ここ数年、ずっとトリニティに戻っていない私は……トリニティ生徒なのでしょうか?私はまだ、解答を得ていません。
「……まだ、決めておりません」
私が決めかねている様子を見たセリカさんは、明らかに落ち込んだようで。
「あっそ……ま、こんな砂嵐の続く土地じゃ生きづらいものね」
不機嫌でぶっきらぼうに、吐き捨てるように言ってのけました。私の悩みとしても、セリカさんのその姿はとても放っておけるようなものではありませんでした。
「っ、決してそういった理由ではありません!」
「じゃあ、なんなのよ!他に理由なんてないでしょ!」
「あります!こちらに来てください!」
「ちょ、わかった。わかったから、無理に引っ張らないで……」
わたしはセリカさんを部屋へと案内する。セリカさんは部屋につくなり部屋をキョロキョロと見渡して感心していた。
「かなりきれいに片付けてるじゃない」
「えぇ、私は立派なシスターを目指していますから」
「今でも十分立派なシスターだと思うけど……」
「いえ、もっともっとです!」
そんなやり取りをしながら、私は机の方にてくてくと歩いて、大事にしている写真立てを手に取る。
「これを見てほしいんです」
「これは……」
その写真立てには、ガーデニング部でともに過ごした仲間たち__ヒナタさんやサクラコさん、ナギサさんの姿がありました。

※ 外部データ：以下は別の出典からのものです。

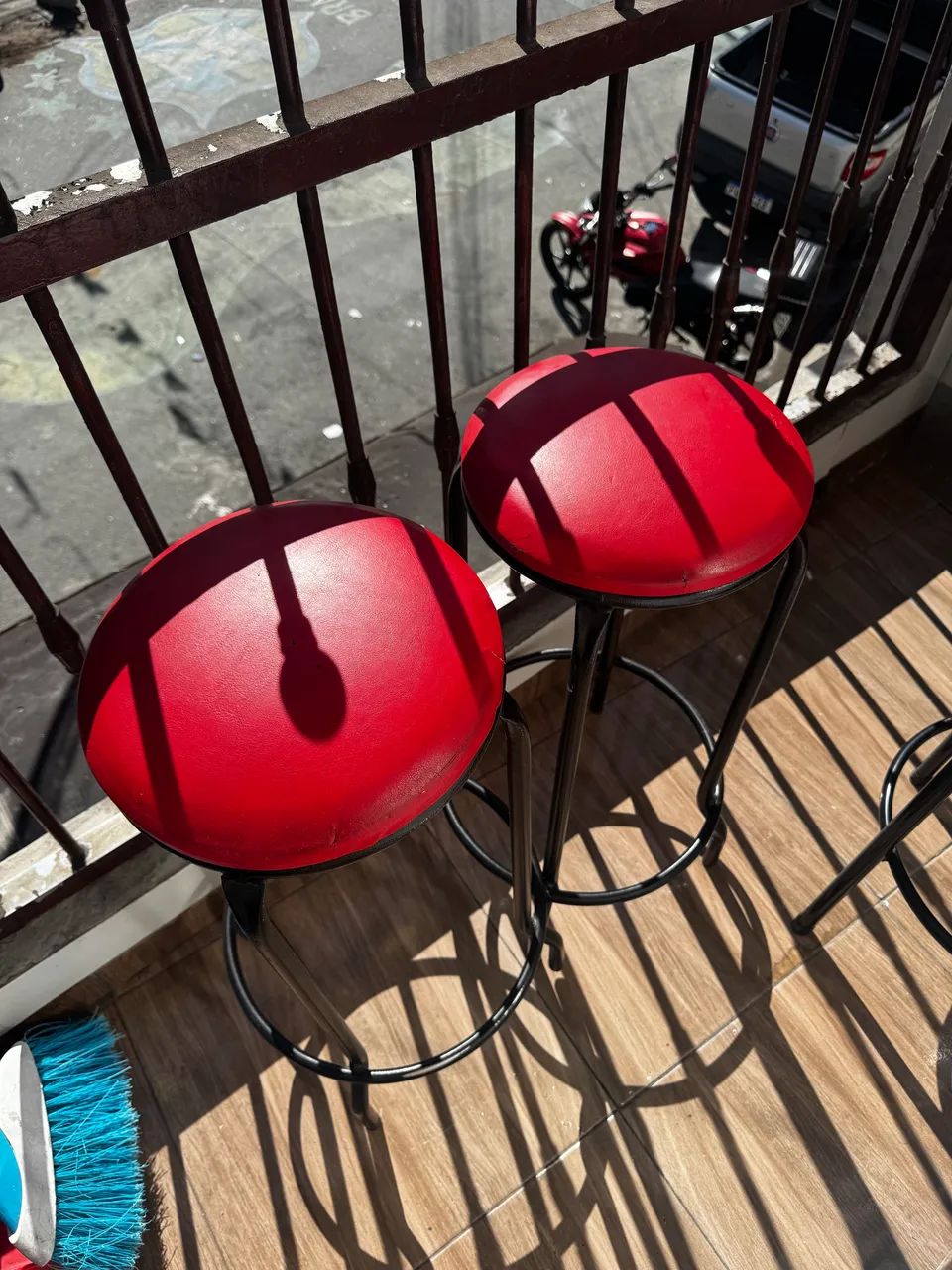 Banquetas altas vermelha e preta - Foto 3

「私が悩んでいるのは……トリニティにいる友達を、ずっと放っておいていいのかどうか、です」
「そうだったの……ごめんなさい」
「気にしないでください。よくあることですから」
しばしの気まずさから沈黙が訪れる中。沈黙を先に破ったのはセリカさんだった。
「でも、私は……いつもトリニティ生だって言ってるけど、さ。あなたもアビドスの仲間だと思ってるわ」
「……え?」
それは、思ってもいないことだった。
教会にいるときかけられる言葉といえば自身を『トリニティ』としてひっくるめられて話される事が多いからだ。生徒手帳がトリニティなのだし、アビドスで炊き出しを行う慈善事業自体トリニティ主体で行われているものなので、その評価は当然であり、マリー自身も受け入れていた。その根本を、セリカは否定した。
「どうして、そう思うのですか?」
故に、何より先に疑問の声が上がるのは当然のことだろう。その様子を見たセリカは、こちらもさも当然のようにつづける。
「だってさ。あなたは他の人達と違ってずっとアビドスのために残って、ここで暮らしているじゃない。それで十分よ。それに……」
「それに?」
少し自信のなさ気な私に、セリカにしては珍しく口元を吊り上げて挑戦的な笑みで続けます。
「こんだけアビドスのために尽くしてくれたあなたのことを、トリニティだからって悪く言う奴らは私がコテンパンにしてやるんだから」
私に向けて、セリカさんは自信たっぷりに言い放ちました。そんなセリカさんに、私は戸惑いと困惑と、そして確かな高揚感というか、胸の高鳴りといいますか……奇妙な感覚を覚えながら……絞り出すように答えました。
「ありがとうございます。けど、どうかご無理だけはなさらないでくださいね」
本当にかなり後、高校生になってからある出来事を経て私は気づきました。あの奇妙な感覚は……アビドスの一員として、認められたことに対する喜びだったのだと。